**Data extract:**
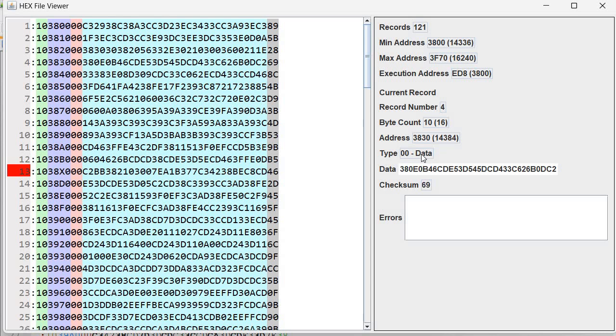Address 3830 equivalent in decimal. Then we have record type. Then we have the data, the checksum. And if there are any errors that will be shown here.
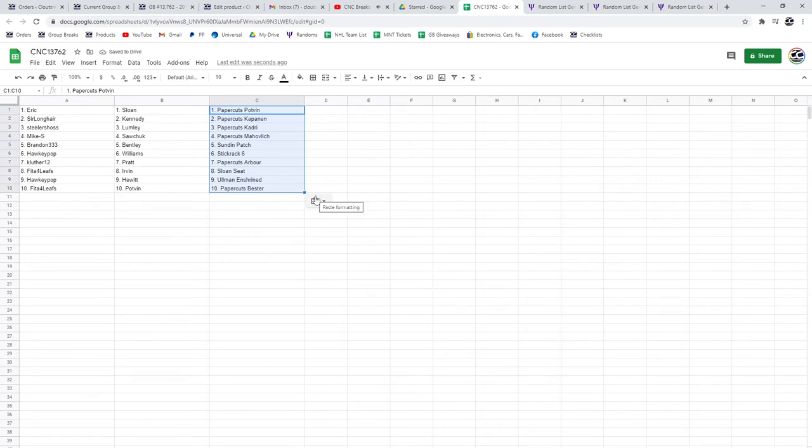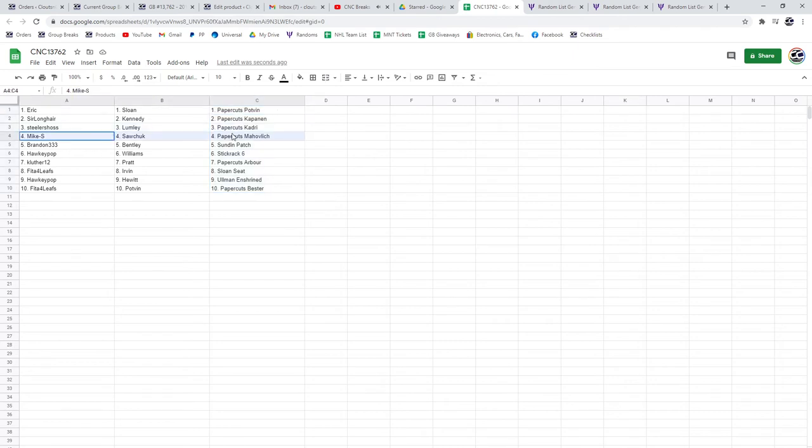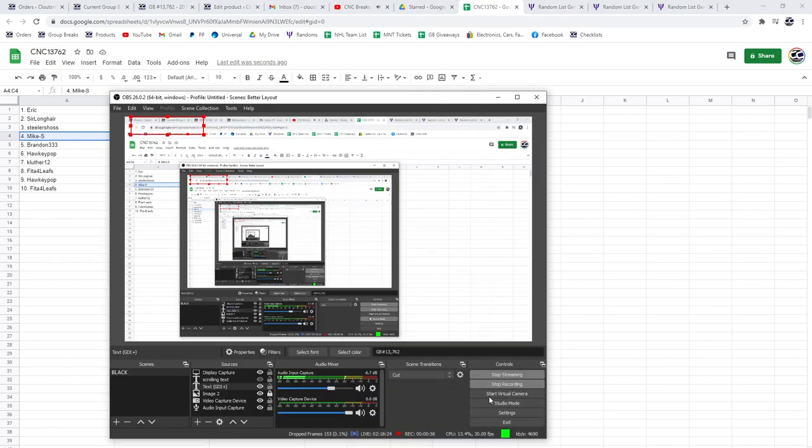Eric has the Sloan and the paper cuts of Pop Van, Sir Longhair the Kennedy and the Kapanen paper cuts, Steelers the Lumley and the paper cuts of Kadri, Mike the Sawchuck and the paper cuts of Mahablich, Brandon the Bentley and the Sundeen Patch, Hockey Pop the Williams and the Stick Rack Six, Kay Luther the Pratt and the paper cuts of Arbor, Fida the Urban and the Sloan Seat, Hockey Pop the Hewitt and the Ullman and Shrine, and Fida the Pop Van and the paper cuts of Bester.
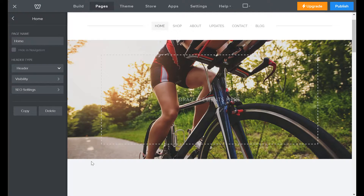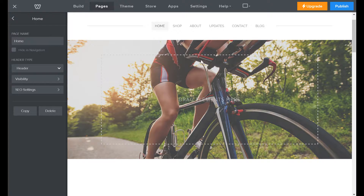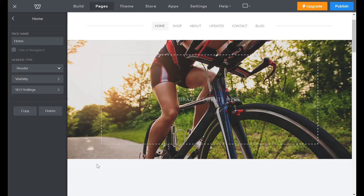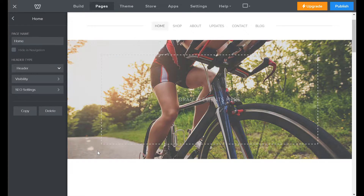You got an awesome header for your beautiful website, but the image doesn't come out quite right — seems a little cropped out. You want to show more of that beautiful bike. Well, fortunately it's really easy to do that.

**Work required:** Set the listing down verbatim, excluding pictures.

**Response:**
Address 3830 equivalent in decimal. Then we have record type. Then we have the data, the checksum. And if there are any errors that will be shown here.
Eric has the Sloan and the paper cuts of Pop Van, Sir Longhair the Kennedy and the Kapanen paper cuts, Steelers the Lumley and the paper cuts of Kadri, Mike the Sawchuck and the paper cuts of Mahablich, Brandon the Bentley and the Sundeen Patch, Hockey Pop the Williams and the Stick Rack Six, Kay Luther the Pratt and the paper cuts of Arbor, Fida the Urban and the Sloan Seat, Hockey Pop the Hewitt and the Ullman and Shrine, and Fida the Pop Van and the paper cuts of Bester.
You got an awesome header for your beautiful website, but the image doesn't come out quite right — seems a little cropped out. You want to show more of that beautiful bike. Well, fortunately it's really easy to do that.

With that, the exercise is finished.